What is rarely considered, however, is how the optical transceiver module helps determine the viability of new speeds of Ethernet, OTN, and Fibre Channel. This has been particularly true since the arrival of Multi-Source Agreements (MSAs), in which multiple manufacturing companies agree to conform to a standard electrical and mechanical form factor, without having to take the form factor through an official standards body. Over the past decade, the MSA process has helped accelerate the acceptance of modules such as SFP+ and CFP.

When 10G Ethernet line cards first hit the market early in the century, OEMs had several choices of MSAs. Modules such as XFP and XENPAK integrate more signal-conditioning circuitry inside the module, while the enhanced version of SFP, known as SFP+, provides a smaller module in exchange for implementing more circuits on the motherboard or line card. This helped lower costs in two ways. The availability of multiple MSAs gives designers a choice on implementation while still providing the benefits of a common form factor. At the same time, the multiple MSAs allow OEMs to tailor the transceiver solution to the radius of the optical network, the type of fiber (MMF or SMF) employed, and the type of laser used in the transceiver.

After the CFP Multi-Source Agreement group was formed in 2009, user demand drove an evolutionary path from CFP to CFP2 to CFP4,", reflecting a way to transition the size of modules as networks shifted from 40Gbits/sec to 100 Gbits/sec. Cisco threw a spanner in the works in late 2012, as it began talking about its proprietary CPAK option which could obsolete the CFP2. Electrical interfaces of the standard CFP modules supported a 10 channel x 10-Gbit interface, though the optical interface for the modules could support either 10 x 10G or 4 x 25G. These modules all are intended for fiber distances of 100 meters or greater, compared to the CXP and QSFP modules, intended for short-reach solutions.

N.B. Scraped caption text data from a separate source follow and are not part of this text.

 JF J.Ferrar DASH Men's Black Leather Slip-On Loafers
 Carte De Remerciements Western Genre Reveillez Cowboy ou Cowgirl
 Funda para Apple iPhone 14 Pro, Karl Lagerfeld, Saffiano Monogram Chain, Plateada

Cisco’s CPAK is intended to replace CFP2 with a solution that is much lower in power, less than 7W in many cases. The specs have not been officially announced, but the mere hints that Cisco is moving in this direction have caused some module vendors, such as Sumitomo and Avago, to consider a leap directly to the CFP4, the smallest of the planned C-factor modules.

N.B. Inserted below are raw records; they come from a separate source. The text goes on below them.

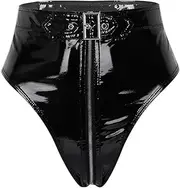 [GRRKDFQ] Women's Erotic, Chemises & Negligees Zipper Crotch High-Waisted Panties
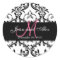 Black White Damask Save the Date Stickers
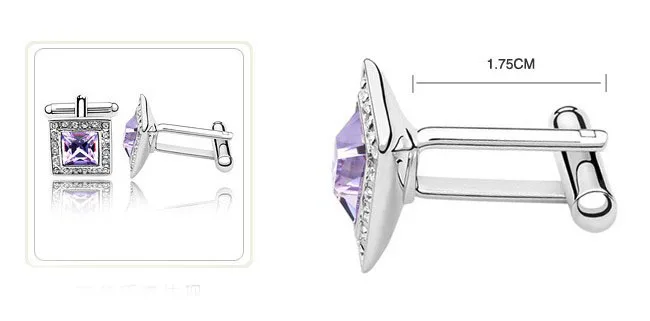 Отец День подарков Jewellery4 Цвета для варианта 925 s покрытием Австрия Кристалл Для мужчин запонки для папы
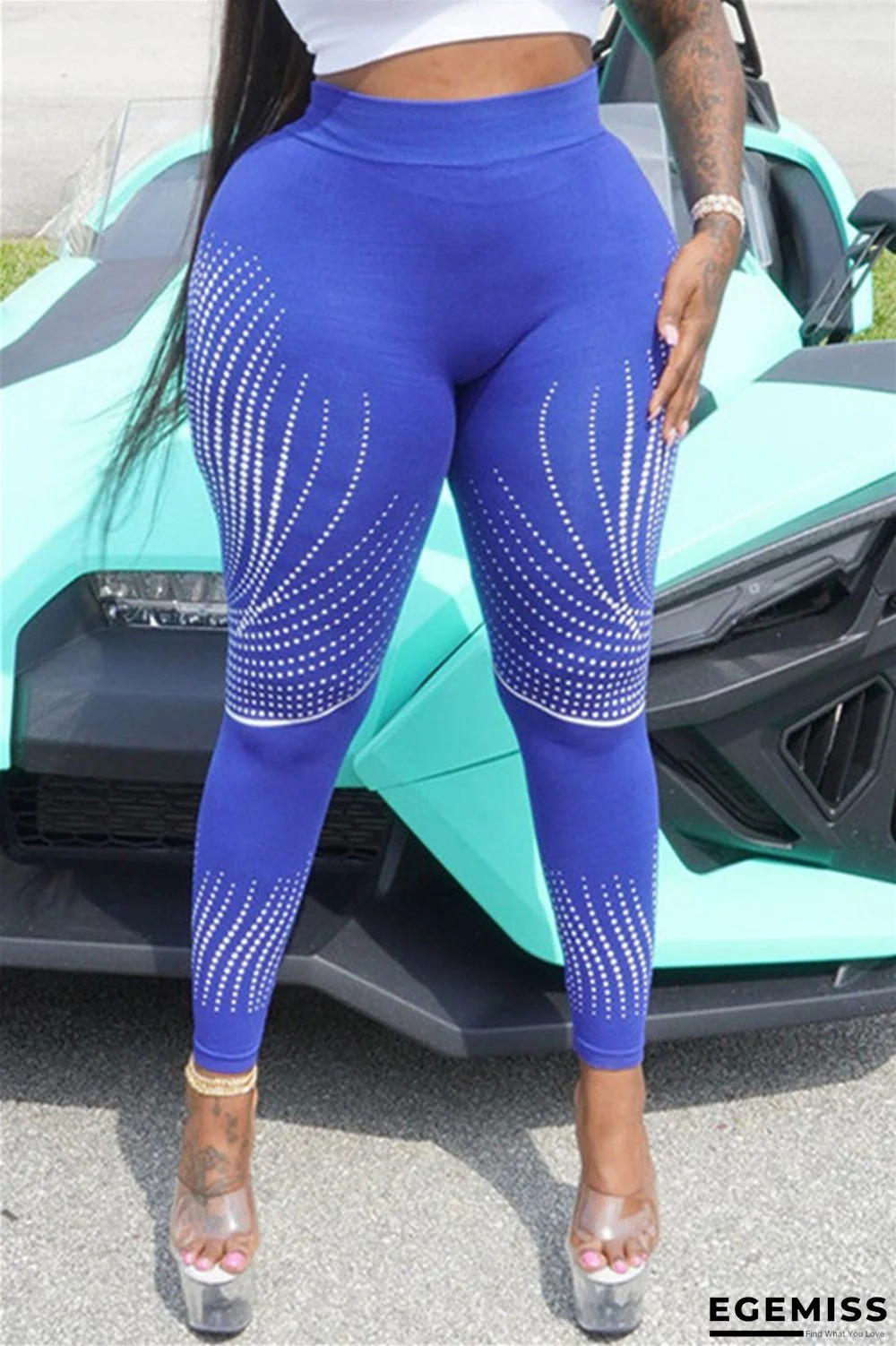 Blue Fashion Casual Sportswear Print Patchwork Skinny High Waist Pencil Trousers | EGEMISS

Meanwhile, however, module vendors already are making advanced plans to prepare MSAs for 400G Ethernet. Earlier this year, IEEE high-speed study group members rejected the concept of leaping directly from 100G to 1-Tbit Ethernet, because of the length of time it would take to develop the terabit standard.  Instead, 400G Ethernet was seen as an easier stepping stone. This made a lot of sense, as both physical-layer chip vendors and FPGA vendors already were developing 400G Medium Access Control chips for 400G.

Last spring at the Optical Fibers in Communications conference, major module vendors and users including Brocade, IBM, Avago, JDSU, Juniper, Molex, and TE Connectivity, formed the CDFP coalition, which would define a module with 16 transmit and 16 receive channels, appropriate for use with either active optical, or active or passive copper cabling. In theory, this should provide a path for front-panel physical form factors and for channel multiplexing for 400G Ethernet. In practice, a leading OEM like Cisco could bring to market a module that bypasses the MSA process entirely.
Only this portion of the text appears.